Invece Anna la Rossa, dopo l’avventura spionistica negli Stati Uniti patrocinata dal Cremlino, si ricicla come show-woman nella Federazione Russa di Putin. La danzatrice diventata spia e l’ex spia che ottiene visibilità mediatica presentano alcune analogie. Narcisismo, velleitarismo, una certa leggerezza e l’uso del sesso: l’arma più antica del mondo.

Joséphine Baker, a mio avviso, risponde parzialmente al profilo della spia seduttrice. Perché se ha sedotto, lo ha fatto soprattutto sulla scena e nella vita, privata ma non troppo. Se ha peccato di velleitarismo, lo ha fatto come mamma di una famiglia multietnica.

Invece si rivela un prezioso agente del controspionaggio francese al servizio della Francia libera di De Gaulle, negli ambienti diplomatici e in zone calde del Medioriente e del nord Africa. Colpisce la sua dedizione per il Paese che l’ha adottata senza pregiudizi razziali.

L’invisibile

Fräulein Doktor fu la prima donna a conquistare i vertici dei servizi segreti tedeschi. Talent scout e formatrice di spie, durante il Primo Conflitto è a capo di una rete di soggetti provenienti dalla sua scuderia. Dopo il nazismo la sua figura viene coperta da una cortina fumogena ispessita da dicerie e depistaggi.

È quasi certo, argomenta Domenico Vecchioni, che sia lei la settantenne morta in Germania negli anni Sessanta. Una donna anziana come tante, all’anagrafe Elsbeth Schragmüller. La questione rimane aperta.

Mal d’Arabia

In questa galleria Gertrude Bell non solo rappresenta un unicum per la sua poliedrica attività, ma per l’expertise diplomatica. Non dirò che durante la Prima Guerra Mondiale negozia con gli sceicchi arabi per indebolire la Turchia, alleata della Germania. Vi rivelo solo che fu lei a intuire il pericolo di derive teocratiche sciite nel nascente Iraq e a riferire il genocidio armeno al governo britannico.
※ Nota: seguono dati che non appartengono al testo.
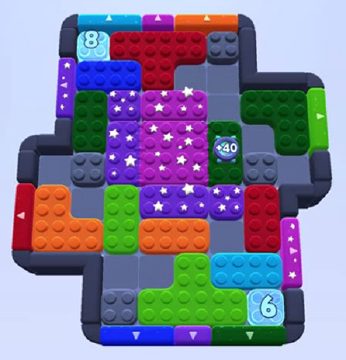 Color Block Jam level 1032: screenshot of the board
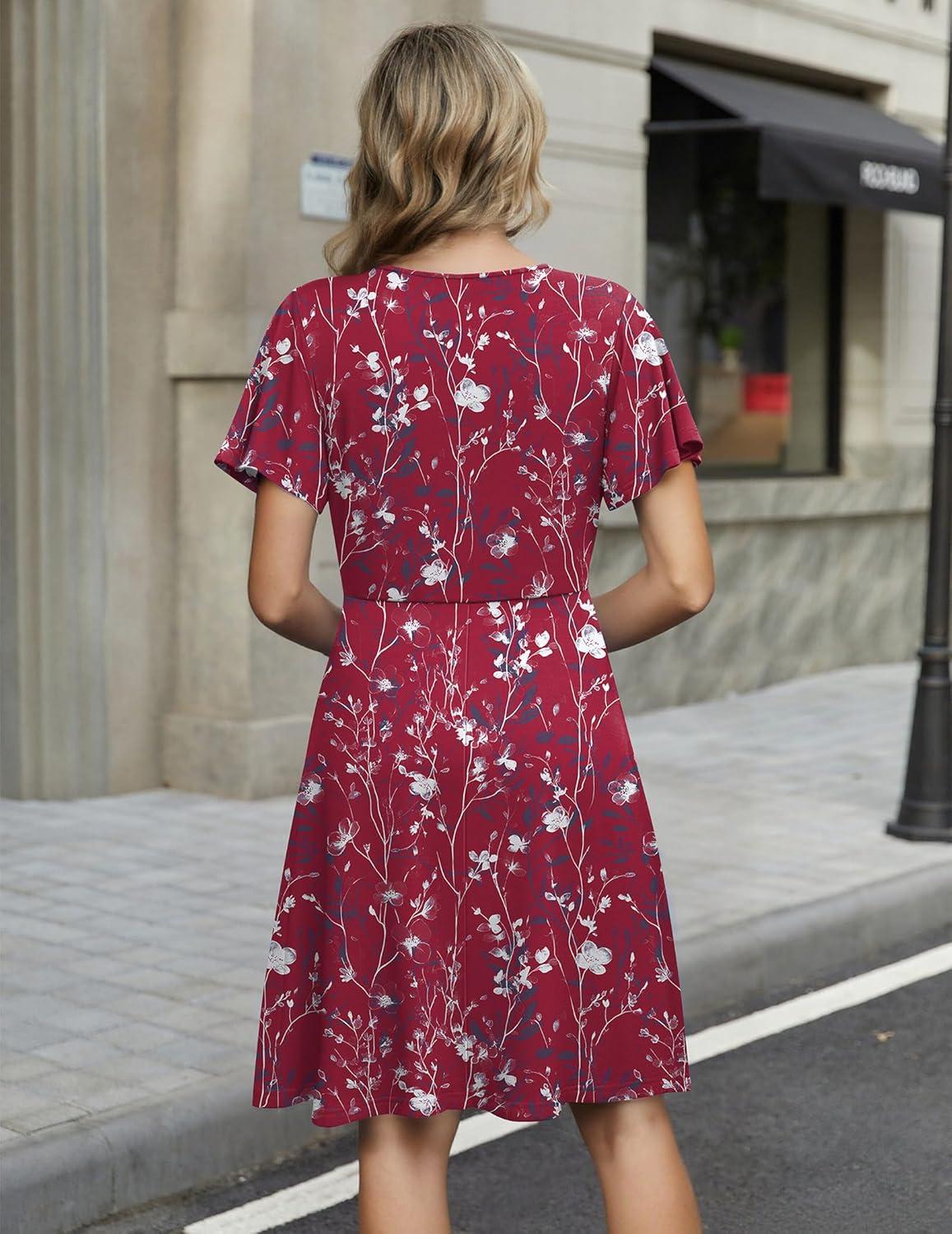 imageZEAGOO Womens Summer Sundress Ruffle Short Sleeve Casual Dresses V Neck Floral Wrap ALine Party Dress with PocketsRed Floral 2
Conobbe come archeologa e diplomatica il futuro Lawrence d’Arabia.

Recensione

“Le dieci donne spia che hanno fatto la storia” di Domenico Vecchioni ci restituisce il ritratto di donne speciali, malgrado ambiguità e zone d’ombra, con una prosa elegante e curata. L’autore non indulge in quell’aneddotica un po’ morbosa che spesso tenta chi affronta argomenti simili.

In controluce, però, emergono anche madri mancate per indole, necessità, caso. Spie temerarie sopraffatte o mortificate dal quotidiano. Donne profondamente sole. Perché la solitudine è l’altra faccia dell’indipendenza e dell’anticonvenzionalità che segnarono le loro vite.